Opponents of ID often argue against ID on the basis that it is not science.  Of course, the definition of science itself is disputable, and it is often disputed.  This is largely a red herring, however, because it shifts the focus away from the merits of ID arguments to the classification of those arguments.  As Thomas Nagel has written, “A purely semantic classification of a hypothesis or its denial as belonging or not to science is of limited interest to someone who wants to know whether the hypothesis is true or false.”[1]

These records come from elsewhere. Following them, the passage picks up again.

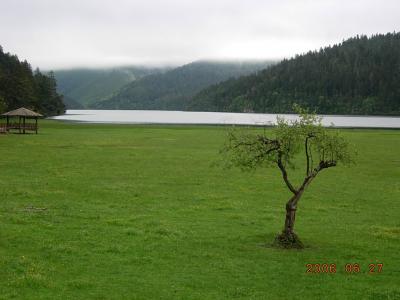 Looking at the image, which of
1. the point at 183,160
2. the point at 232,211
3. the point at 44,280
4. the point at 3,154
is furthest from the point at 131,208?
the point at 3,154

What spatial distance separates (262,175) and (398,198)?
493 inches

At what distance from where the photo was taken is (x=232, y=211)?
27.1 meters

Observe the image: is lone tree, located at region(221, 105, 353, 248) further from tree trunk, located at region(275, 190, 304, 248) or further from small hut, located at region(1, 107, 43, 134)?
small hut, located at region(1, 107, 43, 134)

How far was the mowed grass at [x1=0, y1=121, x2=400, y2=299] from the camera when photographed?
609 inches

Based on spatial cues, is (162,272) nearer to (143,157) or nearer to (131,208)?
(131,208)

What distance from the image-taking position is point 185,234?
71.6ft

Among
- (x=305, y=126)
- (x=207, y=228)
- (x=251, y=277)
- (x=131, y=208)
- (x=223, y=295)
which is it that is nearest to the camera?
(x=223, y=295) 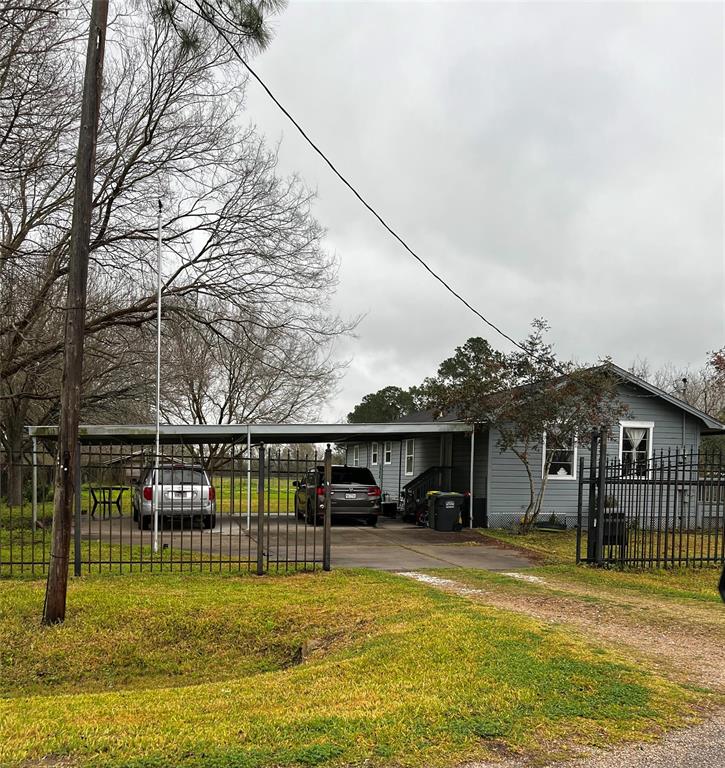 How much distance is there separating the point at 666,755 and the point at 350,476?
1614 cm

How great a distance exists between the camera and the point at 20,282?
14164mm

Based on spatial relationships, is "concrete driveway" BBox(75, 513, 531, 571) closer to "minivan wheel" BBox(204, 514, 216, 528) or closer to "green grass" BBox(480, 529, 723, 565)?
"minivan wheel" BBox(204, 514, 216, 528)

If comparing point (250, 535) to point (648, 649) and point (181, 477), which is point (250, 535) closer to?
point (181, 477)

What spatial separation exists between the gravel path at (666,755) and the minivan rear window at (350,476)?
51.1 feet

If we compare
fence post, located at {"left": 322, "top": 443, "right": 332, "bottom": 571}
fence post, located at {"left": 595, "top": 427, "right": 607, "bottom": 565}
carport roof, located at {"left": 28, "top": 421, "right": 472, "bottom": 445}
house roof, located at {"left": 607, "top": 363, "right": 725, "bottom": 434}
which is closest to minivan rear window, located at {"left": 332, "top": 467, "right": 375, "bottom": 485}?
carport roof, located at {"left": 28, "top": 421, "right": 472, "bottom": 445}

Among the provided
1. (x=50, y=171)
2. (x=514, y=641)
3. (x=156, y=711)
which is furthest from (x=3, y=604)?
(x=50, y=171)

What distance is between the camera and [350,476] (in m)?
20.3

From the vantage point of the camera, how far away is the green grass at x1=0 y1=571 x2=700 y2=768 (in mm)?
4289

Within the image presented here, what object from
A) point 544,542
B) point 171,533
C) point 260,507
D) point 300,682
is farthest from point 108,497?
point 300,682

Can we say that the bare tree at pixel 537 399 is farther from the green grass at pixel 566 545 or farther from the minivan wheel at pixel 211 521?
the minivan wheel at pixel 211 521

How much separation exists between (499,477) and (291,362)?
632cm

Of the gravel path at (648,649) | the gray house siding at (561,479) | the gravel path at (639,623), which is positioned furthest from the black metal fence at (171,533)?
the gray house siding at (561,479)

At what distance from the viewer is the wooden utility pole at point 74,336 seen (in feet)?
25.4

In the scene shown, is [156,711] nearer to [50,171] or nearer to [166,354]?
[50,171] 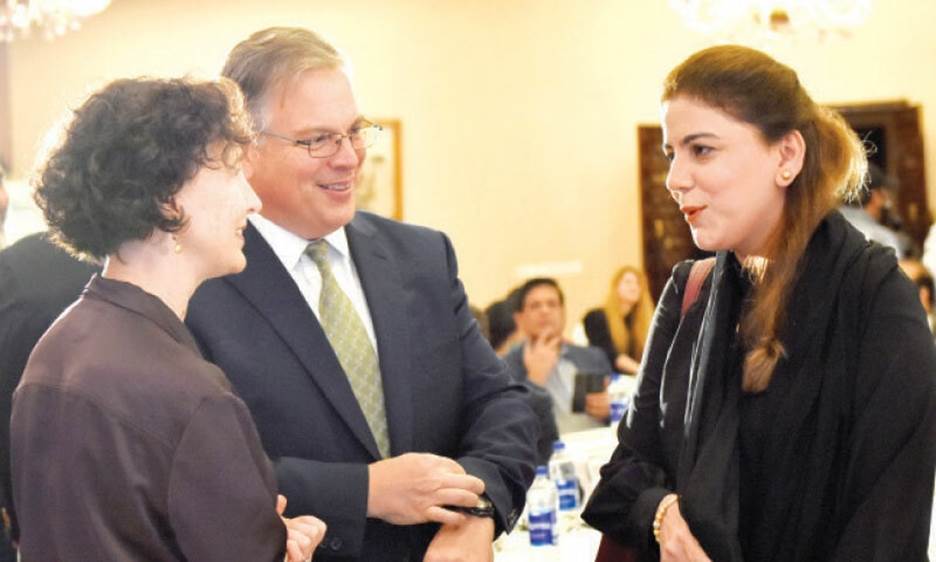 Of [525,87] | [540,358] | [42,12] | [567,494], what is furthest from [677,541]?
[525,87]

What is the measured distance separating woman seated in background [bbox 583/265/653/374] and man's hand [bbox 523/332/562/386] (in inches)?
50.4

While I think ID is a scientific conclusion, I do not wish to debate here whether ID properly qualifies as science, or whether it is better classified as religion/philosophy.  The question I want to raise is how scientists would respond if it could be demonstrated that ID is both properly categorized as religion/philosophy and ID is true.  Would scientists cease discussing certain subjects in science class?  Would they stop discussing the origin of life or origin of species?  In my estimation, this is doubtful.  I think most would continue to offer naturalistic explanations for these objects because their definition of science requires them to.  After all, if by definition alone science must provide naturalistic answers for all natural phenomena, then scientists must continue to offer naturalistic explanations for all phenomena—even phenomena  ID would have proven do not have naturalistic explanations.

This exposes the lunacy of methodological naturalism: It requires scientists to offer a certain kind of explanation, even if it is not the right explanation.  I contend that scientists must decide what they are more committed to: the principle of methodological naturalism, or truth itself.  If they are more committed to methodological naturalism, then they need to make the public aware that scientific explanations aren’t necessarily true explanations.  If they are more committed to truth, however, then they should stop defining science by methodological naturalism, and allow for the possibility that a designing intelligence is the cause of some natural phenomena if the evidence points to such.  Once methodological naturalism no longer serves to demarcate science from non-science, there is no principled reason to exclude ID as a “scientific” theory.


[1]Thomas Nagel, “Public Education and Intelligent Design”, 195. Cf. Alvin Plantinga, “Whether ID Is Science Isn’t Semantics”; available from http://www.discovery.org/scripts/viewDB/index.php?command=view&id=3331.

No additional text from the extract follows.